(segue) Per la cittadinanza di Roma
(21 aprile 1924)
[Inizio scritto]

      Altro elemento di mistero, nella storia di Roma, la tragedia di Cristo, che a Roma trova la sua consacrazione, nuovamente universale e imperiale. Crolla l'impero, i barbari valicano le Alpi, passano e ripassano lungo la penisola devastandola. Roma ridiventa un villaggio di appena diciassettemila anime che si aggruppano disperatamente ai ruderi, che tengono vivo il nome, poiché il nome di Roma è immortale: la nave che fu lanciata «ver l'imperio del mondo», emerse ancora sui flutti delle età oscure, attendendo le luminose ore che verranno: ecco Dante e la Rinascenza, ecco Roma giganteggiare ancora e sempre nello spirito dei popoli.
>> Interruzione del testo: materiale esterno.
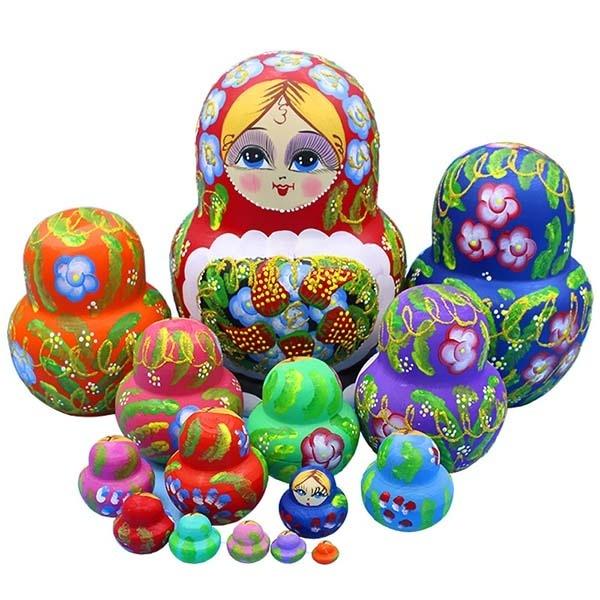 マトリョーシカ ロシア 人形 民芸品 手作り人形 手描き 15個組 インテリア雑貨 プレゼント 北欧雑貨 おもちゃ 飾り 誕生日 キッズ 部屋_1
      L'Italia è ancora per secoli divisa, ma Roma è la Capitale predestinata: è l'unica città d'Italia e del mondo che abbia una storia universale.
      Nel Risorgimento si grida: «Roma o Morte!» È il grido che sale dalle profondità della stirpe, che in Roma e solo in Roma si riconosce: è il grido che sarà ripreso, dopo Vittorio Veneto, dalle generazioni delle trincee, che spezzano definitivamente ogni inciampo, disperdono ogni equivoco, frantumano i residui orgogli di un localismo, retaggio di età ingrate, e innalzano a Roma un altare splendente nel cuore di tutto un popolo e del Natale di Roma fanno il Natale della Nazione, che lavora e cammina.
      Ecco che il Fascismo si trova di fronte al problema della Capitale. I problemi di Roma, la Roma di questo XX secolo, mi piace dividerli in due categorie: i problemi della necessità e i problemi della grandezza. Non si possono affrontare questi ultimi, se i primi non siano stati risoluti. I problemi della necessità sgorgano dallo sviluppo di Roma e si racchiudono in questo binomio: case e comunicazioni. I problemi della grandezza sono d'altra specie: bisogna liberare dalle deturpazioni mediocri tutta la Roma antica, ma accanto alla antica e alla medioevale, bisogna creare la monumentale Roma del XX secolo. Roma non può, non deve essere soltanto una città moderna, nel senso ormai banale della parola; dev'essere una città degna della sua gloria e questa gloria deve rinnovare incessantemente per tramandarla, come retaggio dell'età fascista, alle generazioni che verranno.